[comp.lang.perl] recursive &func breaks s/

lawrence@epps.kodak.com (Scott Lawrence) (03/13/91)

I think that I have discovered a problem with substitution and
recursion.  Please someone demonstrate that I am wrong.

I was working on translating simple logical expressions into perl
expressions so that I could eval them.  A simplified version of
my program is included below to demonstrate the problem.

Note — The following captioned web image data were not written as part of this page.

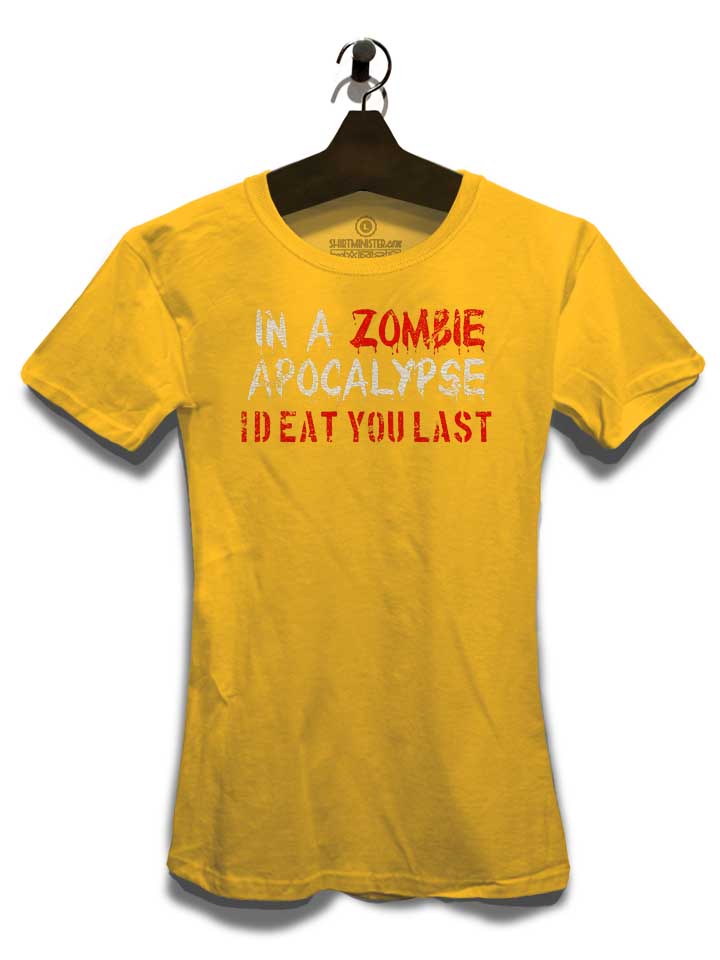 in-a-zombie-apocalypse-id-eat-you-last-vintage-damen-t-shirt gelb 3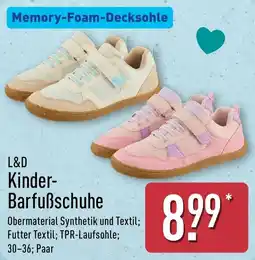 Aldi Nord L&D Kinder Barfußschuhe Angebot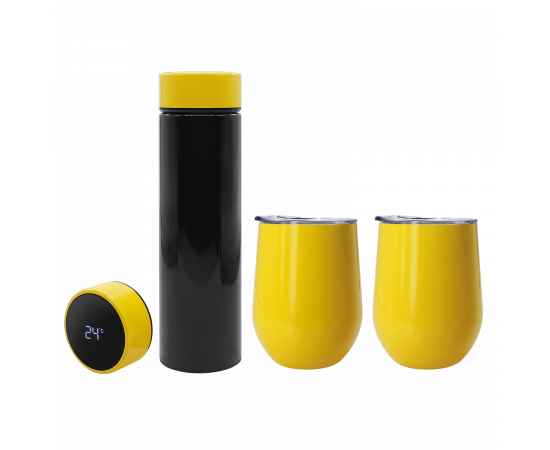 Набор Hot Box Duo C2W W (черный с желтым), Цвет: черный с желтым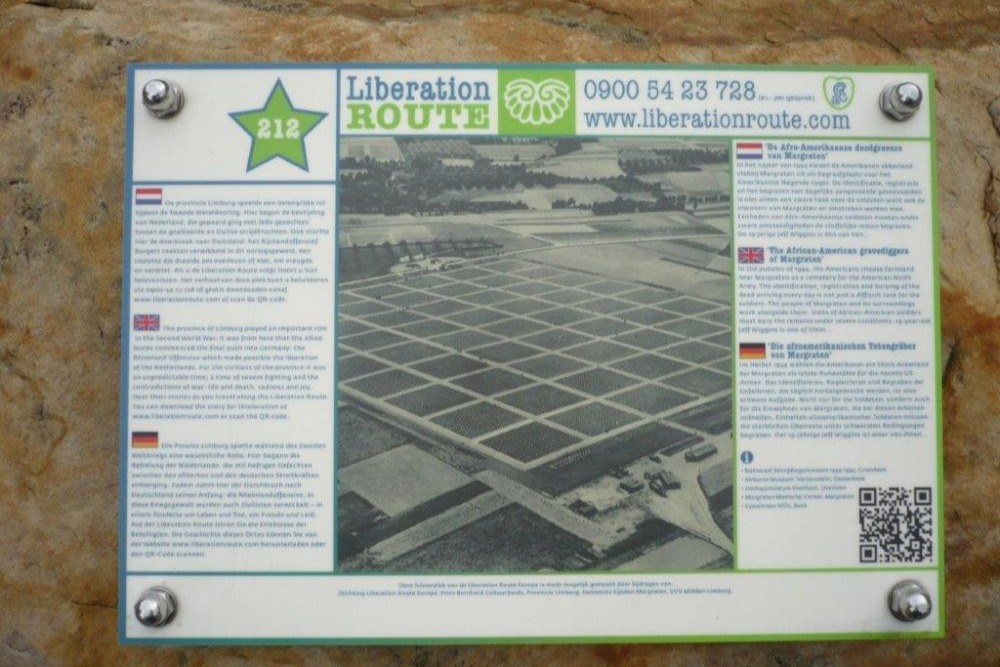 Liberation Route Marker 212: The African-American gravediggers of Margraten #3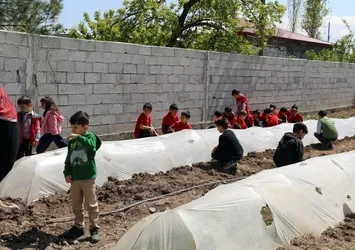 Dijital bağımlılığa karşı toprağa sarıldılar!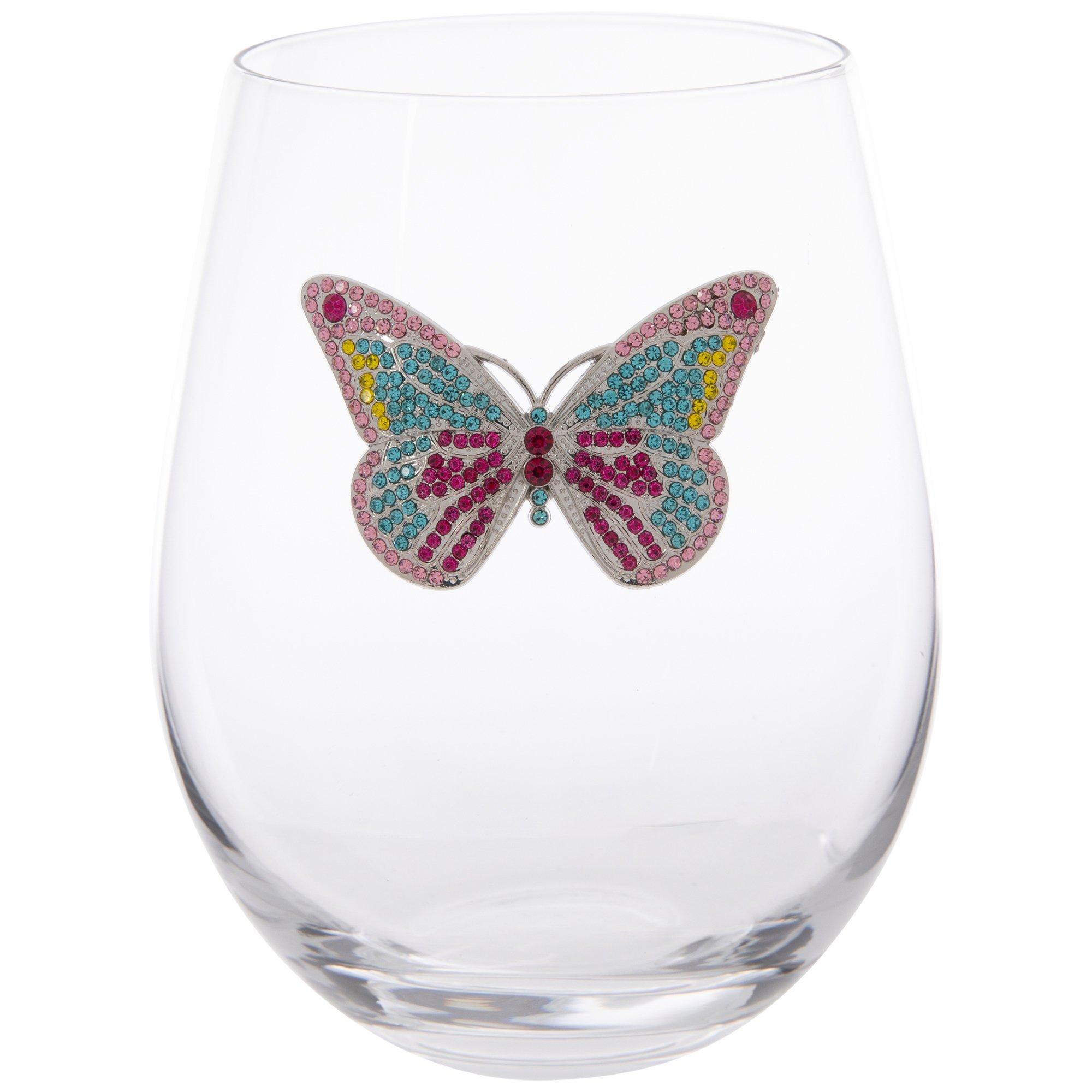 Rhinestone Butterfly Stemless Glass | Hobby Lobby | 2350296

The function Expr uses a substitution operator with both the 'e'
and 'g' modifiers to match each word in an expression, and pass
it to a function (Atom) which returns a perl fragment that could
be evaluated to a boolean value (the evaluation is not important
to the demo, so I left it out).  For simple words, Atom just
wraps the word in a subroutine invocation (as in case 'foo'
below).  If the word has been defined to be a set ( using the
associative array %Set ), Atom calls Expr with the value of the
set, having wrapped it in parens.  The problem occurs when a
member of one set is another set, so that Expr is called a third
time; the remainder of the original call is lost.

-------------- example
demo% ./demo

Case = 'foo'                # This case is simple
Expr = 'foo'                # The expression is just one atom
Atom = 'foo'                # which is not a set
Result =>  &In('foo')       # the result is correct

Case = 'test'               # Slightly more complicated because test
Expr = 'test'               # is defined as a set by:
Atom = 'test'               # $Set{ 'test' } = 'foo & bar';
Expr = '( foo & bar )'      # which works,
Atom = 'foo'                # foo and bar are not sets
Atom = 'bar'                
Result => (  &In('foo')  &  &In('bar')  ) # so the result is correct

Case = 'set'                # 'set' is defined as a set by
Expr = 'set'                # $Set{'set'} = "test | done";
Atom = 'set'                # 
Expr = '( test | done )'    # set is correctly expanded
Atom = 'test'               # but the first atom (test) is also a set
Expr = '( foo & bar )'      # which is correctly expanded here
Atom = 'foo'                # and each atom is expanded ok
Atom = 'bar'                # but result is wrong - Atom is never called
Result => ( (  &In('foo')  &  &In('bar')  ) # for 'done' 

The final result should have been:

Result => ( (  &In('foo')  &  &In('bar')  ) |  &In('done') )
                                            ^^^^^^^^^^^^^^^^- omitted

I can rewrite this so that it doesn't rely on the s///eg to work,
but if it did work it would be much more elegant.  It looks to me
as though I either have a variable scoping problem or the return
stack is getting messed up.  Any suggestions?  Perl source for
demo follows, with my perl version info...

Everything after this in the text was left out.